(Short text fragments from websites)
---+---

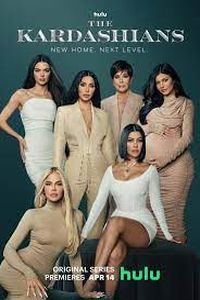 Download The Kardashians Season 1-2 [S02 E10 Added] (English) WeB-DL 720p [300MB] || 1080p [900MB]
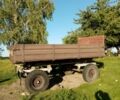 ЮМЗ Другая, объемом двигателя 0 л и пробегом 0 тыс. км за 3000 $, фото 11 на Automoto.ua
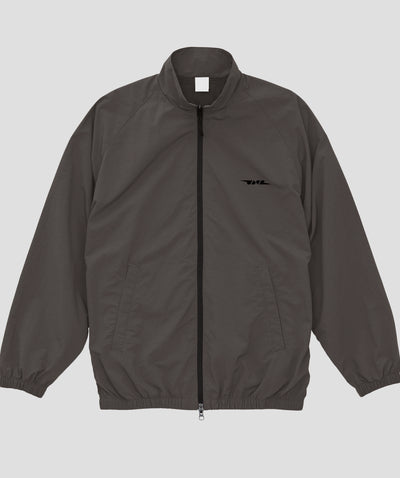 国鉄JNRマーク ナイロンイージートラックジャケット / イカロス出版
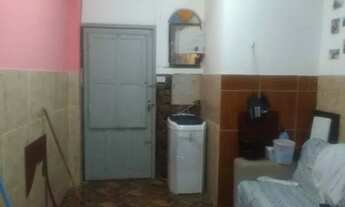 Imagem 4: Casa de um quarto com garagem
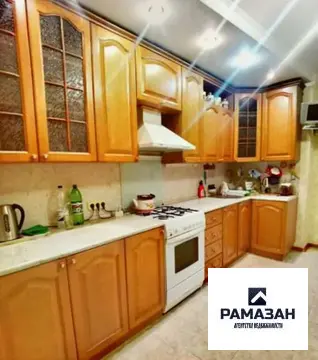 3-ком квартира ул.Фатыха Амирхана, 5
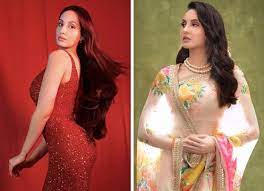 Nora fatehi was born on 6th february 1992. Taking Style Cues From The Scintillating Nora Fatehi Bollywood News Bollywood Hungama
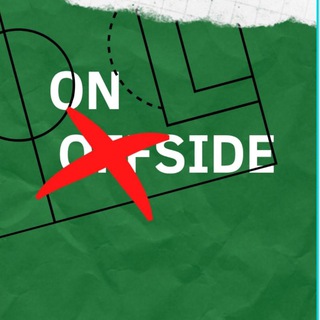 Логотип @onside_on - ONSIDE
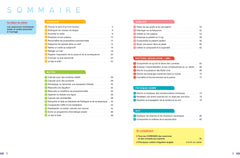 Ma 4e facile ! Tout-en-un adapté aux enfants dyslexiques (DYS) ou en difficulté d'apprentissage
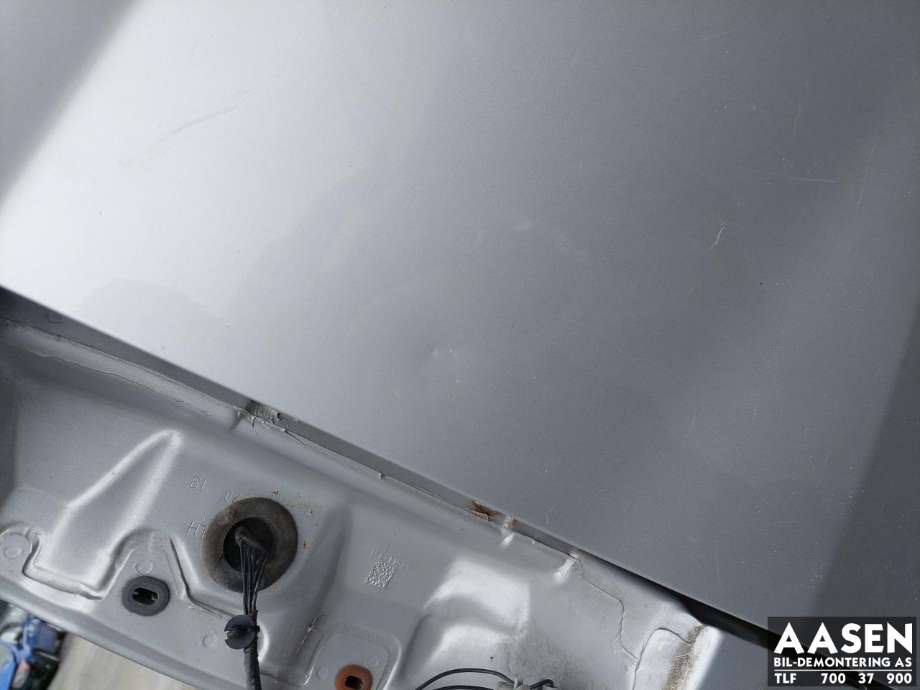 Bakluke til Nissan E-NV200 2014-->>  (K0100BJ4FA|)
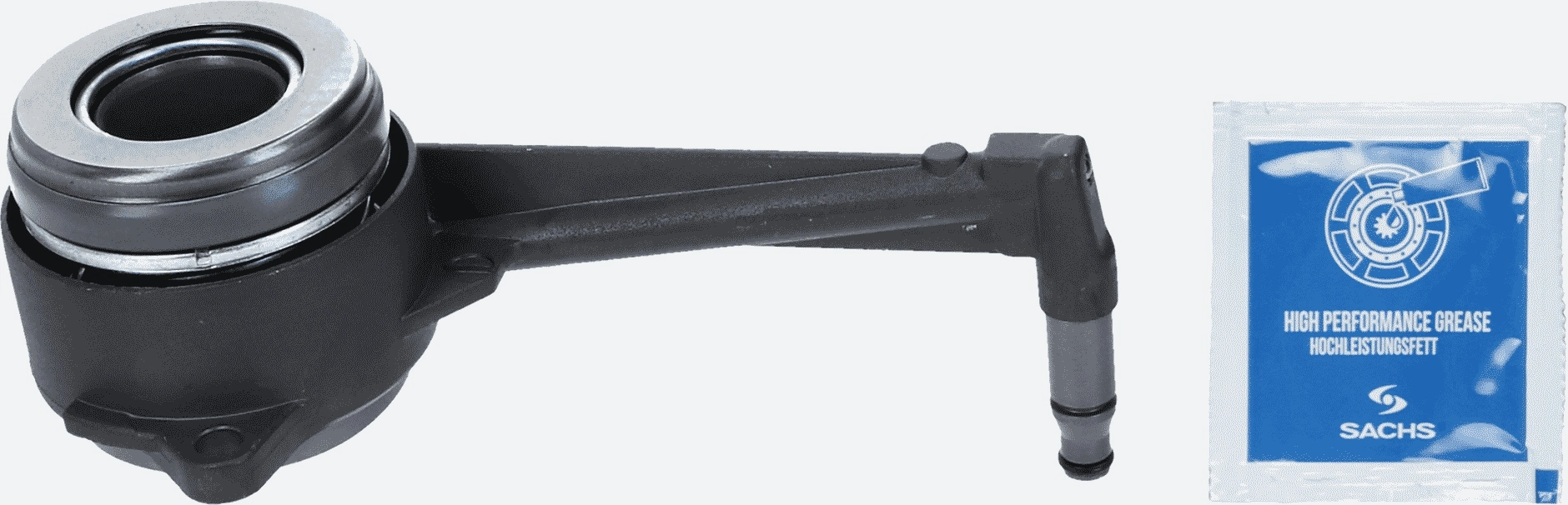 Kit de embrague XTend Kit plus CSC 3000 990 081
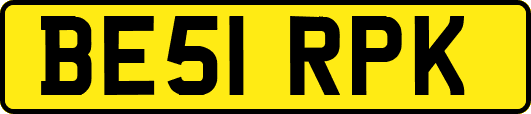 BE51RPK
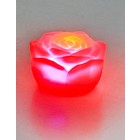 Сувенир "Розочка" световой, с датчиком прикосновения к воде , цвета МИКС - Фото 2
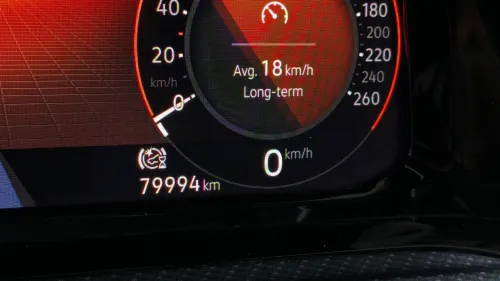 Volkswagen Golf 8 2020 R-Line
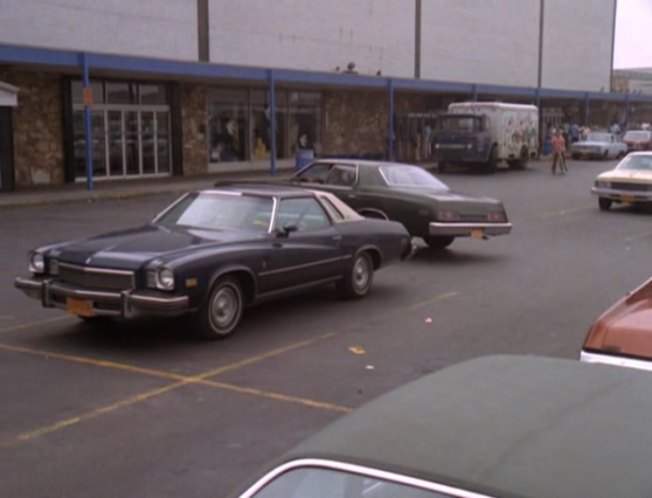 Buick Century Regal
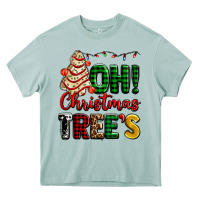 Arona oh Christmas tree's ado Heavy Core Tee - AdoDesignShop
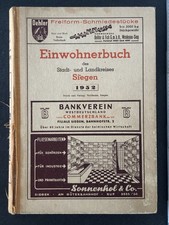 Heimat siegerland siegen - siegerland,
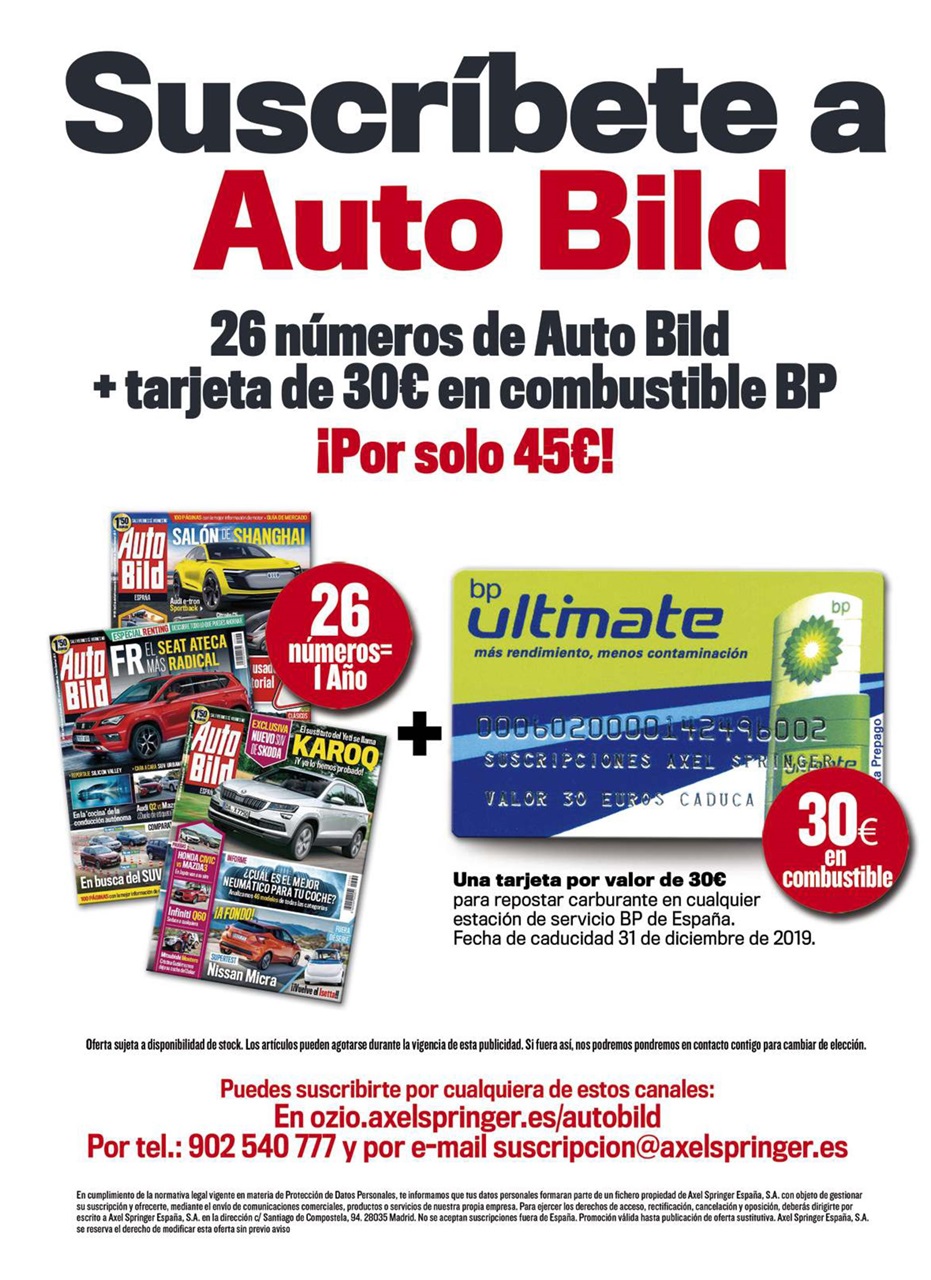 Auto Bild Preview Pages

---+---

WHAT YOU SHOULD DO: Taking the entries above, copy word for word the lines from the one with "国鉄JNRマーク ナイロンイージートラックジャケット / イカロス出版" up to and including the one with "Kit de embrague", without any picture.

PROBLEM SOLUTION:
 国鉄JNRマーク ナイロンイージートラックジャケット / イカロス出版
 Imagem 4: Casa de um quarto com garagem
 3-ком квартира ул.Фатыха Амирхана, 5
 Nora fatehi was born on 6th february 1992. Taking Style Cues From The Scintillating Nora Fatehi Bollywood News Bollywood Hungama
 Логотип @onside_on - ONSIDE
 Ma 4e facile ! Tout-en-un adapté aux enfants dyslexiques (DYS) ou en difficulté d'apprentissage
 Bakluke til Nissan E-NV200 2014-->>  (K0100BJ4FA|)
 Kit de embrague XTend Kit plus CSC 3000 990 081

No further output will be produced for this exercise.